This diary is something I want to try and turn into an obsession. I want to write more, and if I can't organise my thoughts enough to go about writing something a bit more structured, at least I can develop a habit of writing everyday. The next step is obsession. That, at least, is the idea.

Monday, 30 July 2012





Monday, 30 July 2012

21:20 hs



Can one really live completely without superstition? I mean, even leaving aside belief in a supernatural dimension, couldn't it be the case that a proper grasp of certain life events isn't really within reach of one's rational capacity? And that guessing with the help of sheer intuition sometimes becomes the only reasonable course to take?Well, perhaps I should just drop this slightly fatuous attempt at a prelude to what's been really on my mind all day. If my tepid determination to keep a diary is to be made good on, it is alright for me not to focus solely on a list of the day's events. As yesterday's entry made clear to myself, I don't seem to qualify even for the mundane task of getting the chronology right before I sit down to write. But I shouldn't hedge my bets with preliminary thoughts of a general kind, as though I were talking about something that matters outside the context of my private life.
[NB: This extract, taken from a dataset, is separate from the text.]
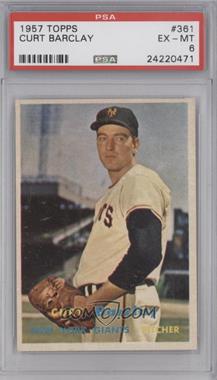 1957 Topps - [Base] #361 - Curt Barclay [PSA 6 EX‑MT]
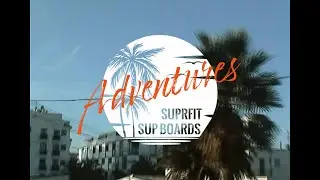 A day at the beach [SUP Board Adventures] - A family trip in Ibiza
I haven't been able to resist entertaining the notion that certain choices we make in life are endowed with what I'd call a current. Like sea currents. Currents that take you inexorably in a well-defined direction. There may be plenty of room for small variations, but which are engulfed by the broad lines of an immovable trend.

Defeatism is something which, for the untrained eye, I could be accused of with justice. Talk of inexorable directions smacks, no doubt, of passivity and impotence in the face of life's events. And I think that is where the word superstition seems to suggest itself effortlessly. Superstition, that is, in the special sense of being a last resource, when there is just too much going on, at too fast a pace, for you to hope to be able to make sense of things.

You make a guess. It can only be called a guess. It can't possibly be a theory, not even in the non-scientific sense of the word. When I use the word theory I like to be able to present at least a few interesting reasons that back it up. Anyway, immediately after warning myself against talking as if I had some deep universal insight into the nature of life to offer to humanity, I fell back straight into the same mistake. I'm glad I'm talking to myself.

But, yes, I think I'm kind of stuck. I think this is just going to go on like this indefinitely. If I just carry on, my life will simply continue to be exactly what it has been since I decided to change its tack radically a decade and a half ago. Which, of course, seems to offer one single way out: I need to go back to what made me take the road that led me to where I am. Yes, perhaps this whole effort - this effort that has certainly brought with it many gains - has simply amounted to a postponement. I may have simply taken a break of life. A break that has been going on for an absurdly long time. I have been acting like someone who wants to avoid doing some necessary task by playing videogames or washing the car.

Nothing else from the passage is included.